> _Task details_: Say how many lines in the entries hold the word "Portable", and reply with that number only.

(Records drawn from a dataset)
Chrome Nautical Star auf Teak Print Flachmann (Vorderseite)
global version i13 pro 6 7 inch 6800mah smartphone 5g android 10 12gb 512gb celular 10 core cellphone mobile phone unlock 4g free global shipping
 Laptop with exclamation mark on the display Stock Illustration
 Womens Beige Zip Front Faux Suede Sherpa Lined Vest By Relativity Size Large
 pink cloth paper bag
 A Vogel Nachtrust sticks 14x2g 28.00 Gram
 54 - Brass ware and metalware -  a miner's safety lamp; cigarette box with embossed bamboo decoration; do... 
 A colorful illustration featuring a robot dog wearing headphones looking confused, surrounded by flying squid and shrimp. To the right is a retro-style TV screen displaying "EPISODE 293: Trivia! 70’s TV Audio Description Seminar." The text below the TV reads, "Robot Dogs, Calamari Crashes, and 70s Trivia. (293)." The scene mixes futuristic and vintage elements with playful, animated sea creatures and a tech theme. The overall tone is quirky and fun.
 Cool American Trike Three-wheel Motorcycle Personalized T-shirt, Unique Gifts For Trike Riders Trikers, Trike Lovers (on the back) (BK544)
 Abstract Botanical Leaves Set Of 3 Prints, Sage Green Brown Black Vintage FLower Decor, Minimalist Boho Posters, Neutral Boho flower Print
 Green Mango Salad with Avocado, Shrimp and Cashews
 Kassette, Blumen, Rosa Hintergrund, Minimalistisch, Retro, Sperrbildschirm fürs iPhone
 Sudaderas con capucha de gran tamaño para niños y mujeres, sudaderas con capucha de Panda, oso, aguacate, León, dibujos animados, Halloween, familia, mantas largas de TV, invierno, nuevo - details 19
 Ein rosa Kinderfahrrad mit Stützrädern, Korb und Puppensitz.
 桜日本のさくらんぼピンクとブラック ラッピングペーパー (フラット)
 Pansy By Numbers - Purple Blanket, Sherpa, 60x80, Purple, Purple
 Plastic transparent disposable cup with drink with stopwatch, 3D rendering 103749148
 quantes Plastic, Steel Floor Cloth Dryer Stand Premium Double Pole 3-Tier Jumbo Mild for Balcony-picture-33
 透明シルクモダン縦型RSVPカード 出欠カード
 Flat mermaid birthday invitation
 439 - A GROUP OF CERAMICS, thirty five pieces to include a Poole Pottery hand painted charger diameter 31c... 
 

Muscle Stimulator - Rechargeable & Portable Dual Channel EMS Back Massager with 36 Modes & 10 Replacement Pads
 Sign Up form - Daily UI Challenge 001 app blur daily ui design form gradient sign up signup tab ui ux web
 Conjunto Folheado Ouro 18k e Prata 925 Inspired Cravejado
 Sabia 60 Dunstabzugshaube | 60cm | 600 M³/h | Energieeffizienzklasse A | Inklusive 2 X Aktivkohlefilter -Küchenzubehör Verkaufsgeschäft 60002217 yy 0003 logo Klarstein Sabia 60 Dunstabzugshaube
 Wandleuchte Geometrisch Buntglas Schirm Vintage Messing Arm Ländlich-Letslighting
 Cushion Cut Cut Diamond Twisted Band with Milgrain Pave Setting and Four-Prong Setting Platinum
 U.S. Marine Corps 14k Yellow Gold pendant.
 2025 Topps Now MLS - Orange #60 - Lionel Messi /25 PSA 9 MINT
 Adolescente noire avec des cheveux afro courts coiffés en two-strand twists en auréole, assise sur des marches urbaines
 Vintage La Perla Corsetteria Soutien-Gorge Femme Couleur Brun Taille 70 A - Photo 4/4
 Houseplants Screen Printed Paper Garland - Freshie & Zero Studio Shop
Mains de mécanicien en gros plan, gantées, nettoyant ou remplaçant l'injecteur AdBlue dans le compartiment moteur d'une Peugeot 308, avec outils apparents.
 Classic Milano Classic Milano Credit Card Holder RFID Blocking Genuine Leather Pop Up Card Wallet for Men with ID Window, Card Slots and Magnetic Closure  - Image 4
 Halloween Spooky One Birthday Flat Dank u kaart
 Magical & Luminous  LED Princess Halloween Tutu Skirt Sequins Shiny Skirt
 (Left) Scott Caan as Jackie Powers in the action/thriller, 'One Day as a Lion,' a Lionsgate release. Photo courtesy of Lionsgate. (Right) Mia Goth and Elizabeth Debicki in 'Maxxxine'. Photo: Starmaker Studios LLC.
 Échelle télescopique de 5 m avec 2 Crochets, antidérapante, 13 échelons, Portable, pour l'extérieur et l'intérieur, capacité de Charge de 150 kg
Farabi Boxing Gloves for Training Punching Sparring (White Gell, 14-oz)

> _Solution to this exercise_: 2